Looking at the million dollar homepage, many of the links _were never valid_ :

[http://paid](http://paid) & reserved/

[http://](http://) paid and reserved - accent designer clothing/

[http://reserved](http://reserved) for edna moran/

[http://paid](http://paid) & reserved for paul tarquinio/ (1200 pixels)

[http://pending](http://pending) order/

These links are all shown in plain red ("link to unreachable or entirely empty
pages") in the "visualization of link rot," so it looks like the authors
didn't account for invalid URLs.

------
Houshalter
Gwern has a good summary of the research in this:
[https://www.gwern.net/Archiving%20URLs](https://www.gwern.net/Archiving%20URLs)

>In a 2003 experiment, Fetterly et al. discovered that about one link out of
every 200 disappeared each week from the Internet. McCown et al 2005
discovered that half of the URLs cited in D-Lib Magazine articles were no
longer accessible 10 years after publication [the irony!], and other studies
have shown link rot in academic literature to be even worse (Spinellis, 2003,
Lawrence et al., 2001). Nelson and Allen (2002) examined link rot in digital
libraries and found that about 3% of the objects were no longer accessible
after one year. Bruce Schneier remarks that one friend experienced 50% linkrot
in one of his pages over less than 9 years (not that the situation was any
better in 1998), and that his own blog posts link to news articles that go
dead in days2; Vitorio checks bookmarks from 1997, finding that hand-checking
indicates a total link rot of 91% with only half of the dead available in
sources like the Internet Archive; the Internet Archive itself has estimated
the average lifespan of a Web page at 100 days.
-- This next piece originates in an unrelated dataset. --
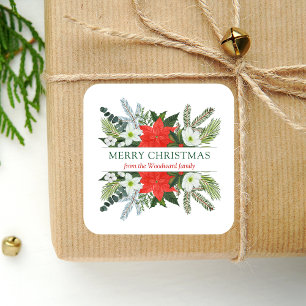 Sticker Carré Floral Wintergreen Joyeux Noël Aquarelle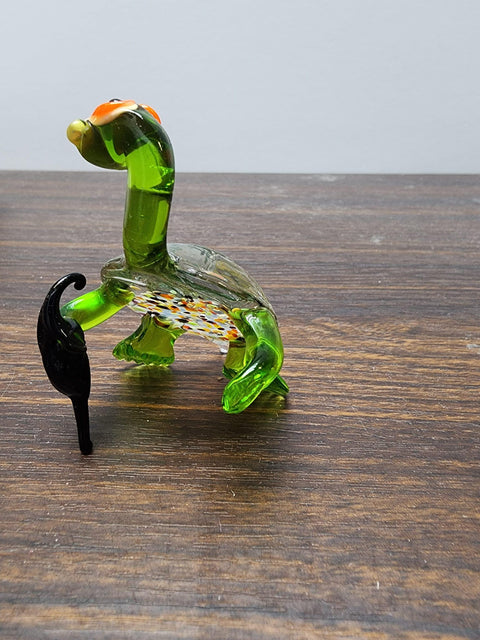 Naturally Colored Glass Figurine - Handcrafted - Turtle W Cane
A Science study looked at
articles in prestigious journals; they didn’t use many Internet links, but
when they did, 2 years later ~13% were dead3. The French company Linterweb
studied external links on the French Wikipedia before setting up their cache
of French external links, and found - back in 2008 - already 5% were dead.
(The English Wikipedia has seen a 2010-2011 spike from a few thousand dead
links to ~110,000 out of ~17.5m live links.) The dismal studies just go on and
on and on (and on). Even in a highly stable, funded, curated environment, link
rot happens anyway. For example, about 11% of Arab Spring-related tweets were
gone within a year (even though Twitter is - currently - still around).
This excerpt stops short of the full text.